Dataset extract:
----

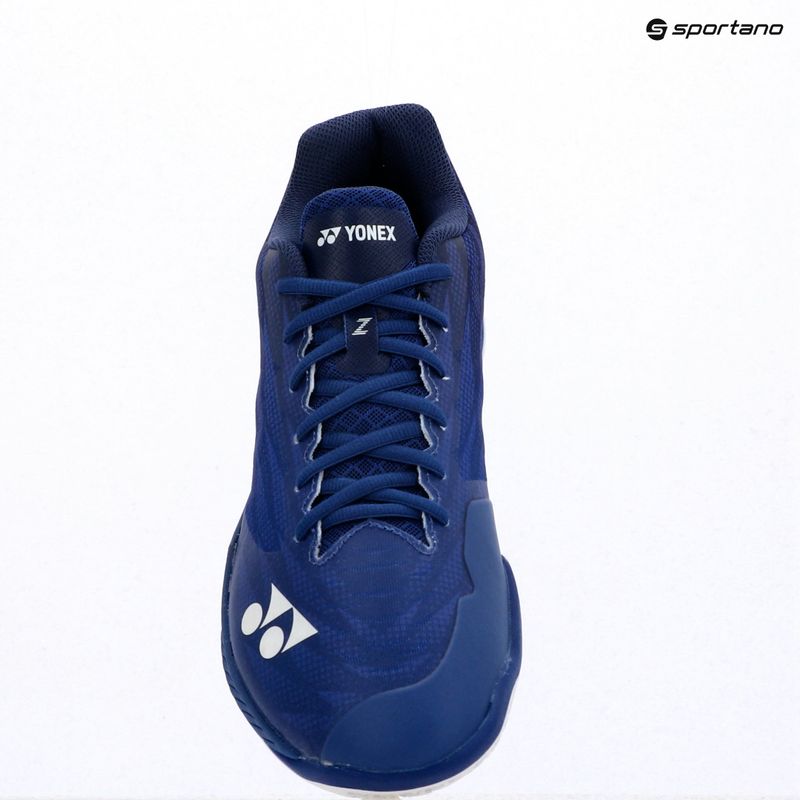Scarpe da badminton da uomo YONEX Aerus Z2 blu navy 14
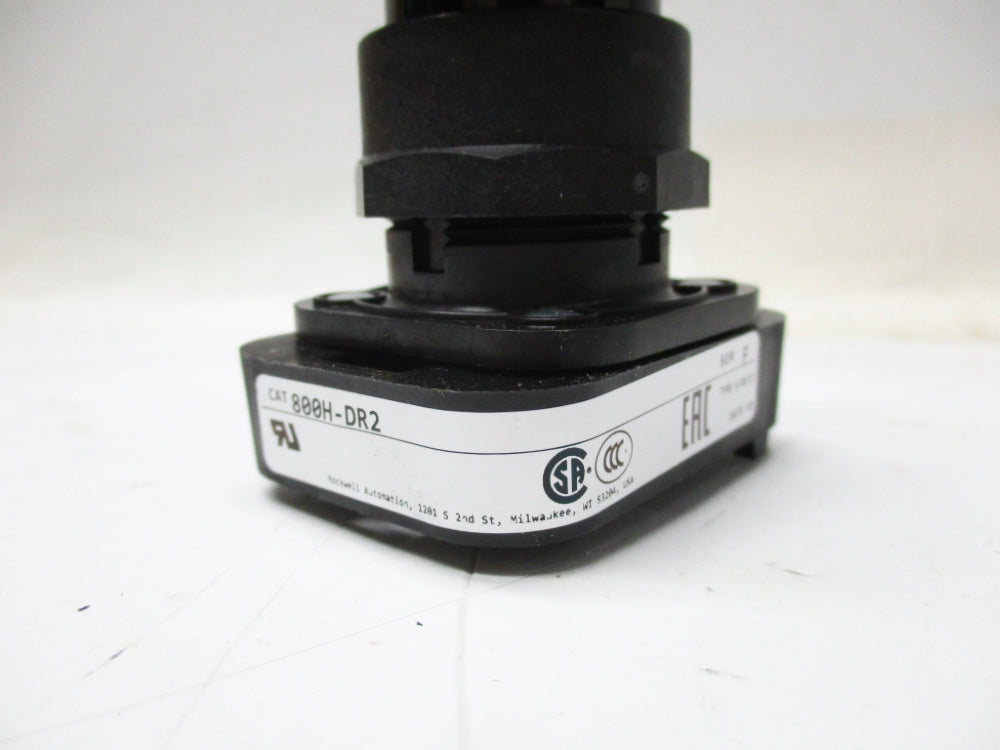 ALLEN BRADLEY 800H-DR2 SER. F NSNP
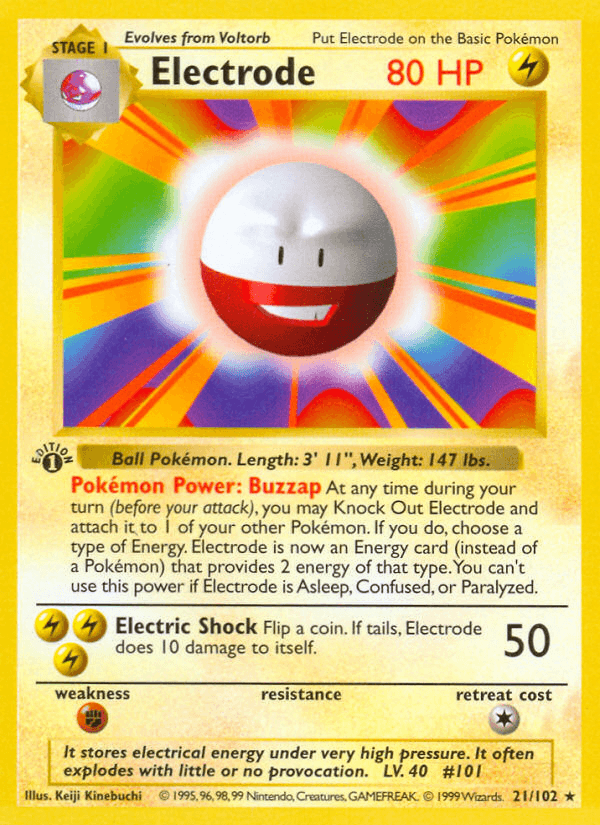 Electrode — 1st Edition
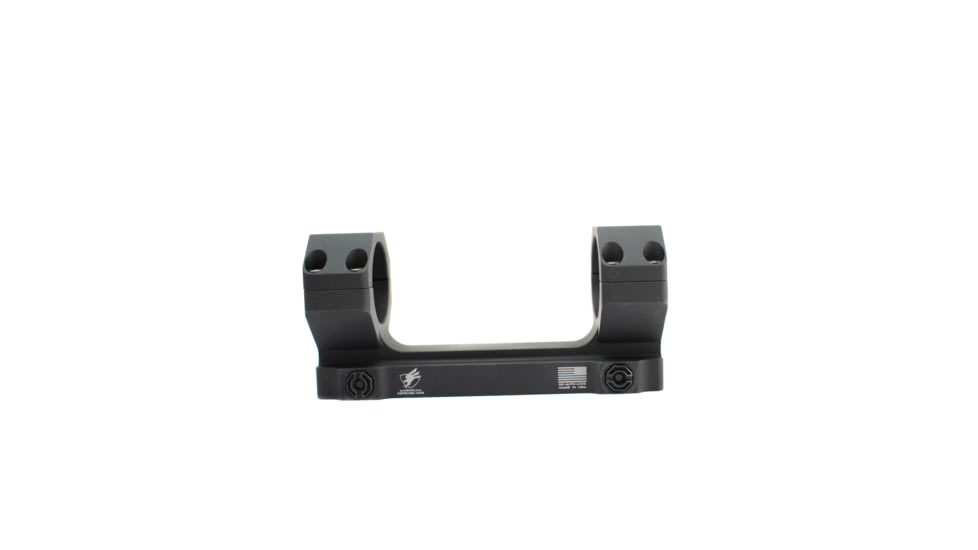 American Defense Manufacturing ADDELTAC34STDTL Delta Tactical Cantilever 34mm Dual Ring Bl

----

What is required: Copy out nothing but text: transcribe the listing exactly and skip each picture.

Task answer:
Scarpe da badminton da uomo YONEX Aerus Z2 blu navy 14
 ALLEN BRADLEY 800H-DR2 SER. F NSNP
 Electrode — 1st Edition
 American Defense Manufacturing ADDELTAC34STDTL Delta Tactical Cantilever 34mm Dual Ring Bl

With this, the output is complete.